Items listed in a dataset
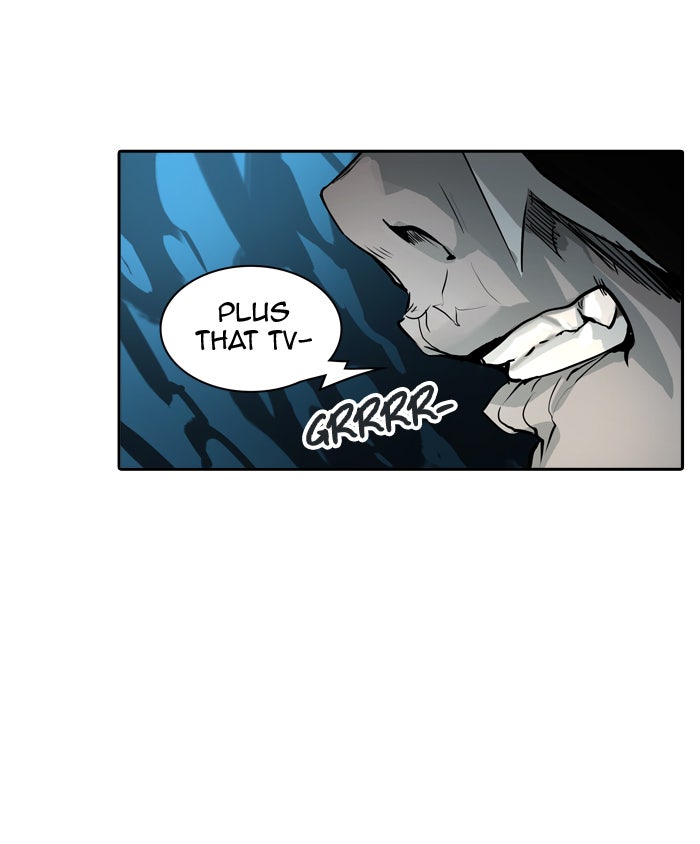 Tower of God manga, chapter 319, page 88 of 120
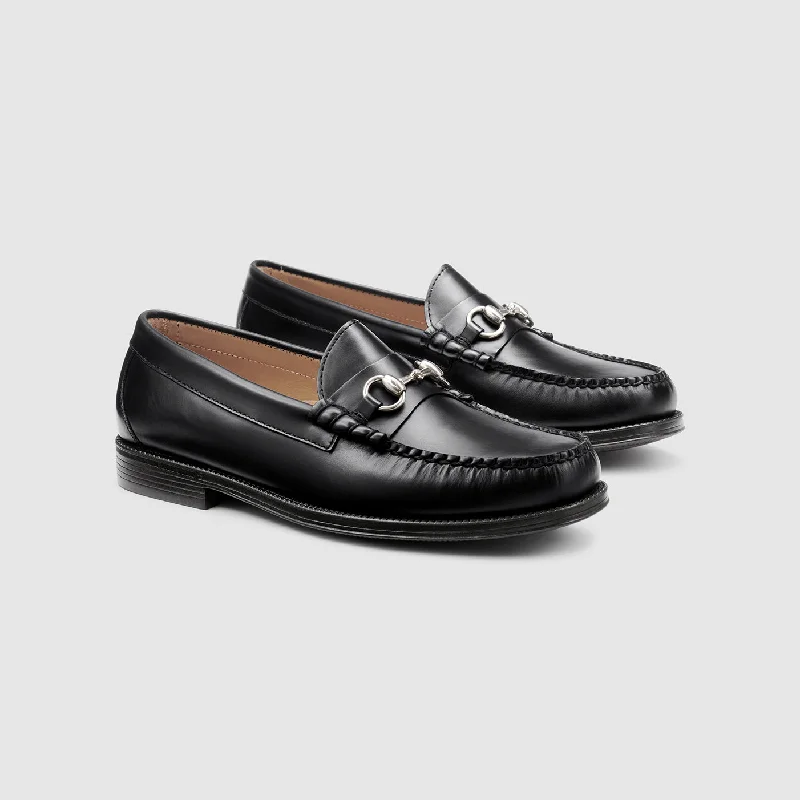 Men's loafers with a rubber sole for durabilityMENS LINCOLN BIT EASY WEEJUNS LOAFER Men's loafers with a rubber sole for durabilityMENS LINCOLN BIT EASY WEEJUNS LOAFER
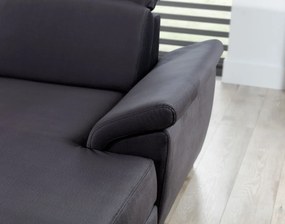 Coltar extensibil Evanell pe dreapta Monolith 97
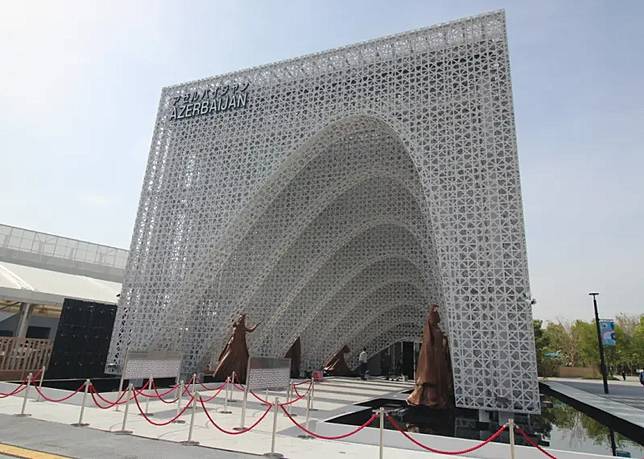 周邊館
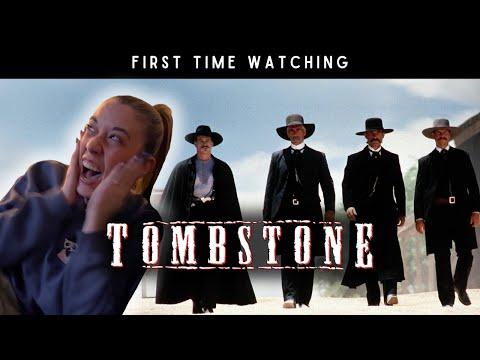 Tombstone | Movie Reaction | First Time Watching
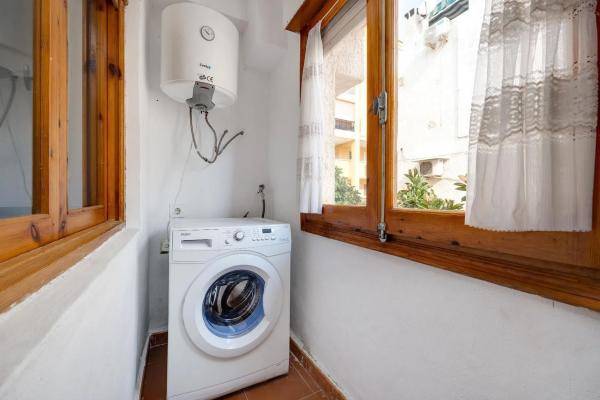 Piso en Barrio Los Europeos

Description of the task:
Please set down the records exactly, and keep every image out of the copy.

Response to this task:
 Tower of God manga, chapter 319, page 88 of 120
 Men's loafers with a rubber sole for durabilityMENS LINCOLN BIT EASY WEEJUNS LOAFER Men's loafers with a rubber sole for durabilityMENS LINCOLN BIT EASY WEEJUNS LOAFER
 Coltar extensibil Evanell pe dreapta Monolith 97
 周邊館
 Tombstone | Movie Reaction | First Time Watching
 Piso en Barrio Los Europeos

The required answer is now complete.